■ Records provided:
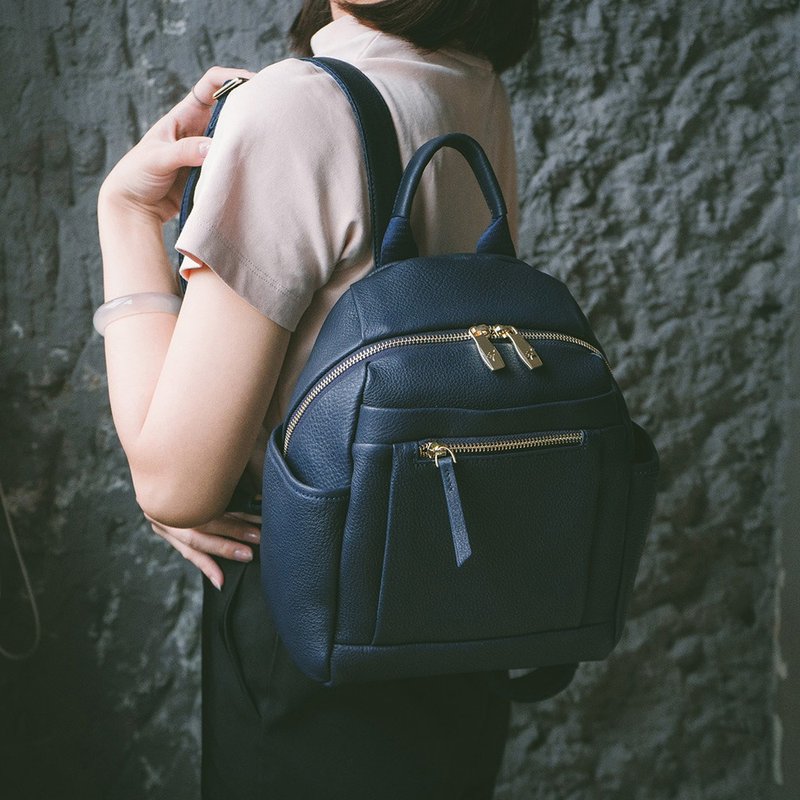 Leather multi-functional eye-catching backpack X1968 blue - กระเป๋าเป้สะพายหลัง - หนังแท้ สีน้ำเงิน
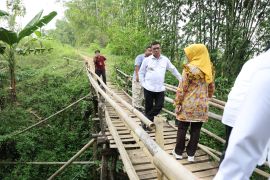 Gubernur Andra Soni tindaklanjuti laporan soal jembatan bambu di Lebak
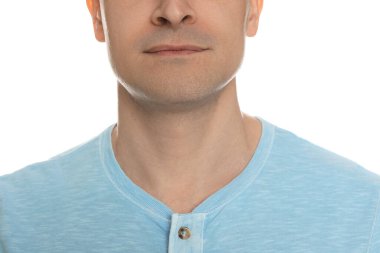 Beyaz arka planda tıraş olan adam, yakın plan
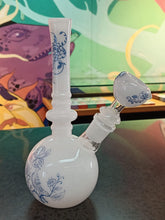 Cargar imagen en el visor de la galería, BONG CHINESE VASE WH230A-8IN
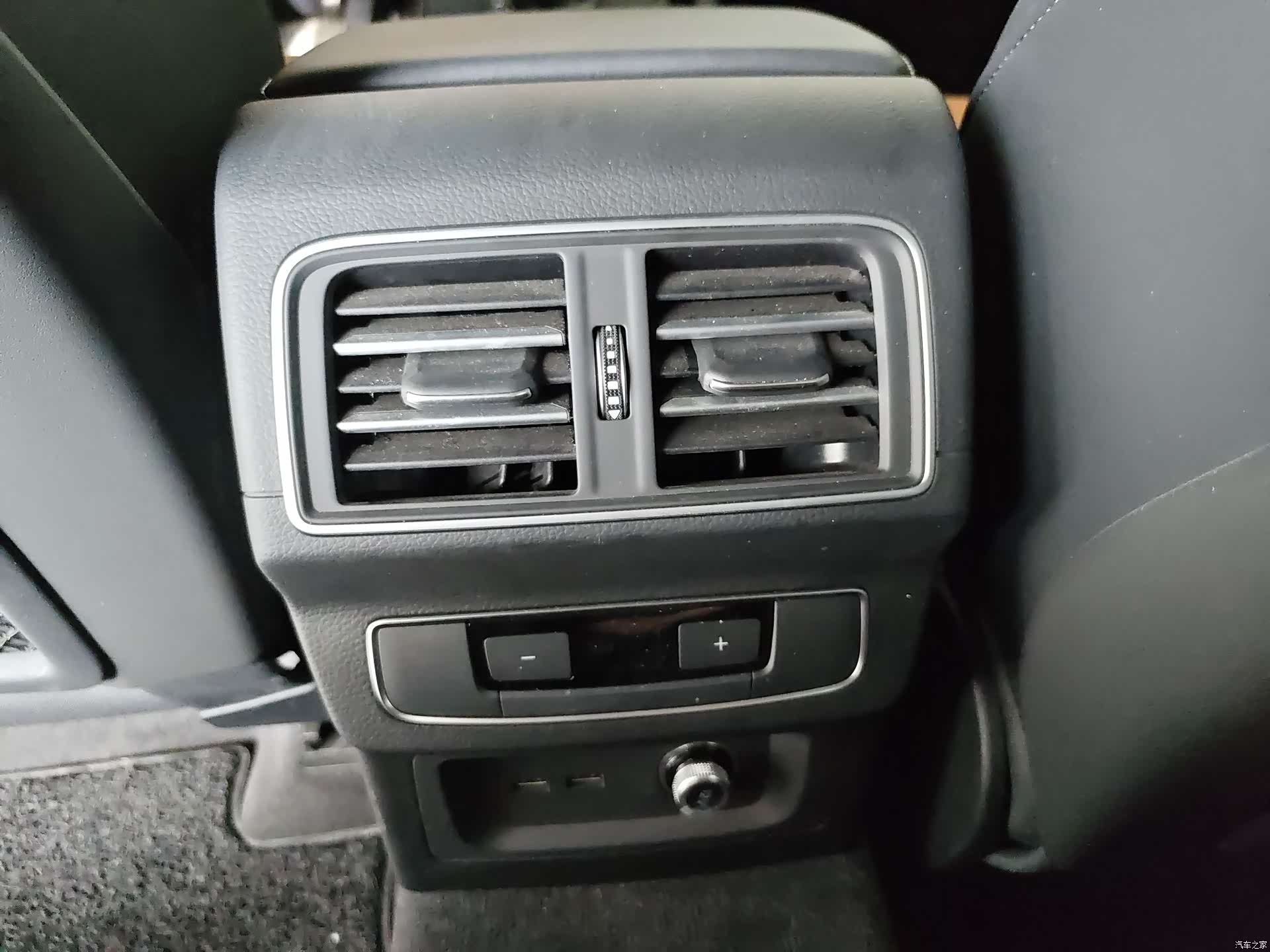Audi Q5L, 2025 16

■ Required action:
The result should be an exact retyped version of all the entries above, containing no pictures.

■ Exercise output:
 Leather multi-functional eye-catching backpack X1968 blue - กระเป๋าเป้สะพายหลัง - หนังแท้ สีน้ำเงิน
 Gubernur Andra Soni tindaklanjuti laporan soal jembatan bambu di Lebak
 Beyaz arka planda tıraş olan adam, yakın plan
 Cargar imagen en el visor de la galería, BONG CHINESE VASE WH230A-8IN
Audi Q5L, 2025 16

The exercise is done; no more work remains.